● **ABOUT THIS TASK**
Restate the listing below with no word altered.

● **DATA SHOWN**
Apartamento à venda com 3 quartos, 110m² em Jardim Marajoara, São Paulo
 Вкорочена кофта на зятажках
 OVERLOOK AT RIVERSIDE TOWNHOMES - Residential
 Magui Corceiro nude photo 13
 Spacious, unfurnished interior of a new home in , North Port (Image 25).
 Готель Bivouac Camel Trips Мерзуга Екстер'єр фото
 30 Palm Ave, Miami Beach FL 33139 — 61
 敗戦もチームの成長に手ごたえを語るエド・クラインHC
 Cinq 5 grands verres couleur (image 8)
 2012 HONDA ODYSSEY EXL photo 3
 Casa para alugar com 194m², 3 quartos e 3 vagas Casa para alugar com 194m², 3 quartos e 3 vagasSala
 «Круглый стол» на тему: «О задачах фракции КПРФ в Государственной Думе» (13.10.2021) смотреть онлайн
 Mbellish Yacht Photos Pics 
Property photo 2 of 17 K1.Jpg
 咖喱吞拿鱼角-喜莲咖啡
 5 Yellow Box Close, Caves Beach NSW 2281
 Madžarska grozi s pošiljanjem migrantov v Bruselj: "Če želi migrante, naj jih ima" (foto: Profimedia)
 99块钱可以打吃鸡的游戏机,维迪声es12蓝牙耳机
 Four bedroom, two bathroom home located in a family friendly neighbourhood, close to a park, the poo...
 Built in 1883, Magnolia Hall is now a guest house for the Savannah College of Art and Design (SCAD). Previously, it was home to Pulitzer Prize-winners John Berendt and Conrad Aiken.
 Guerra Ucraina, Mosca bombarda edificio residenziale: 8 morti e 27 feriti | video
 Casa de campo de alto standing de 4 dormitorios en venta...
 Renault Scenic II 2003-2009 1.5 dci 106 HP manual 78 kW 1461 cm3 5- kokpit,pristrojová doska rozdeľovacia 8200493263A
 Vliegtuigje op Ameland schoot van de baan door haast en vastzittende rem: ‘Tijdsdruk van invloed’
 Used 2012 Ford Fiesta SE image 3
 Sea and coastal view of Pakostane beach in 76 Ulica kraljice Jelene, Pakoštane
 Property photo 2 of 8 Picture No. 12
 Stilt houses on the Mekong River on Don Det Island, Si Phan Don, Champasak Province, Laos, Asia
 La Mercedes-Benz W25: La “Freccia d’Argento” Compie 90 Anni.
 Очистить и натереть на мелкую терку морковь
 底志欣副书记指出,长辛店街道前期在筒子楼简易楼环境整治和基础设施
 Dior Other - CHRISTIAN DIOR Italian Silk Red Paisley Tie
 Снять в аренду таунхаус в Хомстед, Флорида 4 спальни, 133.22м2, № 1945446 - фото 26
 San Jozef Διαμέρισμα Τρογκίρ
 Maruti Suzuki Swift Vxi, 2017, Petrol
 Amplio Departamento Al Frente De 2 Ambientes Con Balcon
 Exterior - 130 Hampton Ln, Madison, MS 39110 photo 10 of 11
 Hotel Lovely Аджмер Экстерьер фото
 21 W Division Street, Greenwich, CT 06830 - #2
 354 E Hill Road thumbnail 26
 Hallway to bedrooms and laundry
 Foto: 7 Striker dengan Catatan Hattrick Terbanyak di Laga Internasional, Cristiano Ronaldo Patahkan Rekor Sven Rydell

● **RESPONSE**
Apartamento à venda com 3 quartos, 110m² em Jardim Marajoara, São Paulo
 Вкорочена кофта на зятажках
 OVERLOOK AT RIVERSIDE TOWNHOMES - Residential
 Magui Corceiro nude photo 13
 Spacious, unfurnished interior of a new home in , North Port (Image 25).
 Готель Bivouac Camel Trips Мерзуга Екстер'єр фото
 30 Palm Ave, Miami Beach FL 33139 — 61
 敗戦もチームの成長に手ごたえを語るエド・クラインHC
 Cinq 5 grands verres couleur (image 8)
 2012 HONDA ODYSSEY EXL photo 3
 Casa para alugar com 194m², 3 quartos e 3 vagas Casa para alugar com 194m², 3 quartos e 3 vagasSala
 «Круглый стол» на тему: «О задачах фракции КПРФ в Государственной Думе» (13.10.2021) смотреть онлайн
 Mbellish Yacht Photos Pics 
Property photo 2 of 17 K1.Jpg
 咖喱吞拿鱼角-喜莲咖啡
 5 Yellow Box Close, Caves Beach NSW 2281
 Madžarska grozi s pošiljanjem migrantov v Bruselj: "Če želi migrante, naj jih ima" (foto: Profimedia)
 99块钱可以打吃鸡的游戏机,维迪声es12蓝牙耳机
 Four bedroom, two bathroom home located in a family friendly neighbourhood, close to a park, the poo...
 Built in 1883, Magnolia Hall is now a guest house for the Savannah College of Art and Design (SCAD). Previously, it was home to Pulitzer Prize-winners John Berendt and Conrad Aiken.
 Guerra Ucraina, Mosca bombarda edificio residenziale: 8 morti e 27 feriti | video
 Casa de campo de alto standing de 4 dormitorios en venta...
 Renault Scenic II 2003-2009 1.5 dci 106 HP manual 78 kW 1461 cm3 5- kokpit,pristrojová doska rozdeľovacia 8200493263A
 Vliegtuigje op Ameland schoot van de baan door haast en vastzittende rem: ‘Tijdsdruk van invloed’
 Used 2012 Ford Fiesta SE image 3
 Sea and coastal view of Pakostane beach in 76 Ulica kraljice Jelene, Pakoštane
 Property photo 2 of 8 Picture No. 12
 Stilt houses on the Mekong River on Don Det Island, Si Phan Don, Champasak Province, Laos, Asia
 La Mercedes-Benz W25: La “Freccia d’Argento” Compie 90 Anni.
 Очистить и натереть на мелкую терку морковь
 底志欣副书记指出,长辛店街道前期在筒子楼简易楼环境整治和基础设施
 Dior Other - CHRISTIAN DIOR Italian Silk Red Paisley Tie
 Снять в аренду таунхаус в Хомстед, Флорида 4 спальни, 133.22м2, № 1945446 - фото 26
 San Jozef Διαμέρισμα Τρογκίρ
 Maruti Suzuki Swift Vxi, 2017, Petrol
 Amplio Departamento Al Frente De 2 Ambientes Con Balcon
 Exterior - 130 Hampton Ln, Madison, MS 39110 photo 10 of 11
 Hotel Lovely Аджмер Экстерьер фото
 21 W Division Street, Greenwich, CT 06830 - #2
 354 E Hill Road thumbnail 26
 Hallway to bedrooms and laundry
 Foto: 7 Striker dengan Catatan Hattrick Terbanyak di Laga Internasional, Cristiano Ronaldo Patahkan Rekor Sven Rydell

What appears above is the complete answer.